I’d argue no, not good enough. First of all, SPRINT certainly shows us that 120 mmHg is more desirable than 140 mmHg. Secondly, we’ve just spent ~4 years of our patient’s life trying to bring down their BP, with some success. But SPRINT demonstrated had we done it immediately, we would have reduced their risk more than we’ve done til now. Of course, we might see benefits in other areas such as glucose and whatever, but that doesn’t mitigate the havoc high BP does. Vaduganathan et al. show in a secondary analysis of SPRINT that: “At age 50 years, the estimated residual survival was 37.3 years with intensive treatment and 34.4 years with standard treatment and at age 65 years, residual survival was 24.5 years with intensive treatment and 23.3 years with standard treatment (edited)”.6 Lowering BP from 140 mmHg to 120 mmHg when one is 50 and 65 yo will yield on average 3 and 1.1 extra years of life, respectively. The absolute numbers might not seem that impressive, but when a person is on their deathbed, they certainly are. What can explain the difference in absolute life extension between the age groups? It's the comparatively less time the 50 yo has been exposed to high blood pressure. The 15 years of time, from 50 to 65, exposed to 140 mmHg vs. 120 mmHg will contribute to shortened lifespan and increased events in later days.
Lastly, I want to tie this all together to the risk score calculators.
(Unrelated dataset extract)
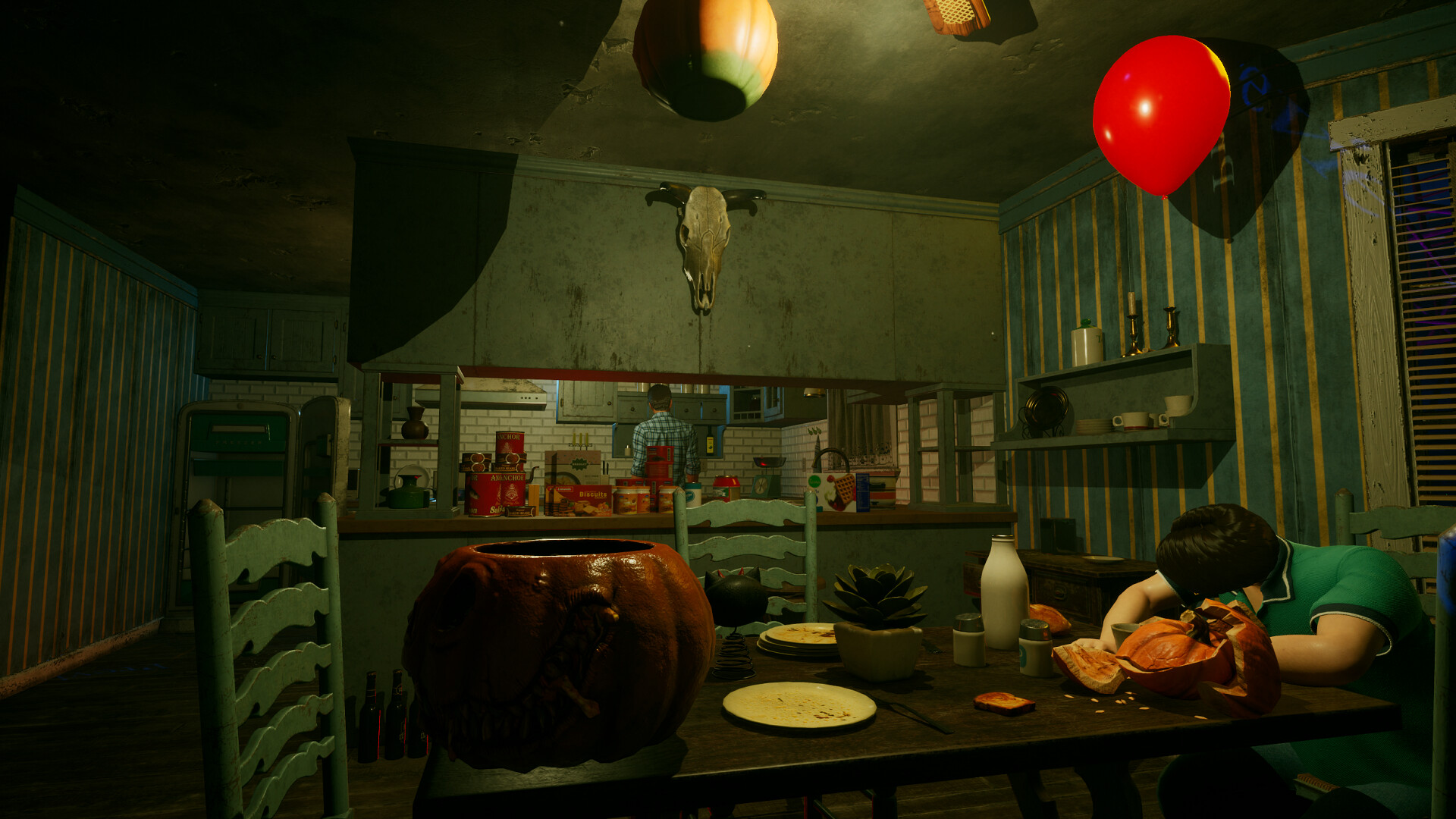 The Scarlet Harvest Screenshot 3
As I discussed in part 1, Risk Score calculators are meant to be tools for assessing the probability of MACE within a given time period, 10 years for example. The calculators are mainly used to make decisions about which route of intervention is warranted. Without getting into the critiques of part 1, we can now, based on the conclusions from this post, start to understand why the input of single point-in-time measurements can create misled conclusions and not contribute accurately enough to the determination of risk.7 The duration for which a person has been exposed to any significant risk factor makes a difference, and the earlier we can intervene, the more confident we can be in our course of action. Unfortunately, calculators leave a lot of meaningful information out and incentivize outsourced decision-making, which is not only dumbing down but depriving the practitioner of independent thinking and responsible decision-making.